Ceux qui ne croyoient point à l'acceptation , parce qu'ils croyoient beaucoup à son ambition, se fondoient principalement sur l'immense pouvoir, dont il jouissoit dans le pays des Césars; pouvoir tel que depuis ces tant fameux souverains, aucun souverain d'Europe n'en exerça de pareil dans le sien pouvoir qui flattoit d'autant plus sa vanité, qu'il étoit fondé sur la victoire, de toutes les déceptions humaines la plus brillante, la plus chatouilleuse et la plus propre à développer son talent, sans compromettre son caractère.

Du fonds de son château de Montebello, où il étoit retranché comme Phalaris dans le sien, il dictoit des lois aux maîtres du Luxembourg avec autant de succès et aussi peu de ménagement qu'aux souverains de Rome, de Naples, de Venise, de Génes et de Milan.

Or, disoient les incrédulés, quittera-t-il un poste aussi avantageux sous tous les rapports, pour venir user sa gloire et son crédit dans le frottement des factions, ou la noyer dans les flots de la Manche?

Viendra-t-il se confondre dans l'anti chambre de Barras, après en avoir été le puissant protecteur?

Consentira-t-il à rentrer dans la classe des citoyens obscurs, après avoir joué le rôle de roi des rois, et reçu pendant deux ans les hommages de presque tous ceux de l'Euгоре.

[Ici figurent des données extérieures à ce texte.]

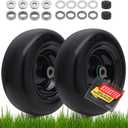 11x4.00-5 Lawn Mower Tires Flat Free (2 Pack),Universal 11x4-5 Solid Smooth Tractor Turf Tire with Rim, 3.4" Centered Hub and 3/4" & 5/8" Bushing, For Zero Turn Mowers and Riding Lawn Mower (Black)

Par toutes ces raisons et quelques autres que nous omettons, Buonaparte n'acceptera point le commandement de l'expédition d'Angleterre.

Et pourquoi ne l'accepteroit-il point, répondoient les autres, s'il y a des combats à livrer et de la gloire à gagner? La gloire est son idole, et les combats font ses délas

semens.

Qu'il ait dicté des lois aux maîtres de la France, comme à ceux de l'Italie, ce n'est point une raison de les craindre, si son caractère est égal à sa réputation. De près comme de loin, Buonaparte a désormais sa place marquée au-dessus du pair. Il restera toujours lui-même, plein d'ambition, d'inquiétudes et de talent, insatiable de gloire, d'honneurs et de travaux.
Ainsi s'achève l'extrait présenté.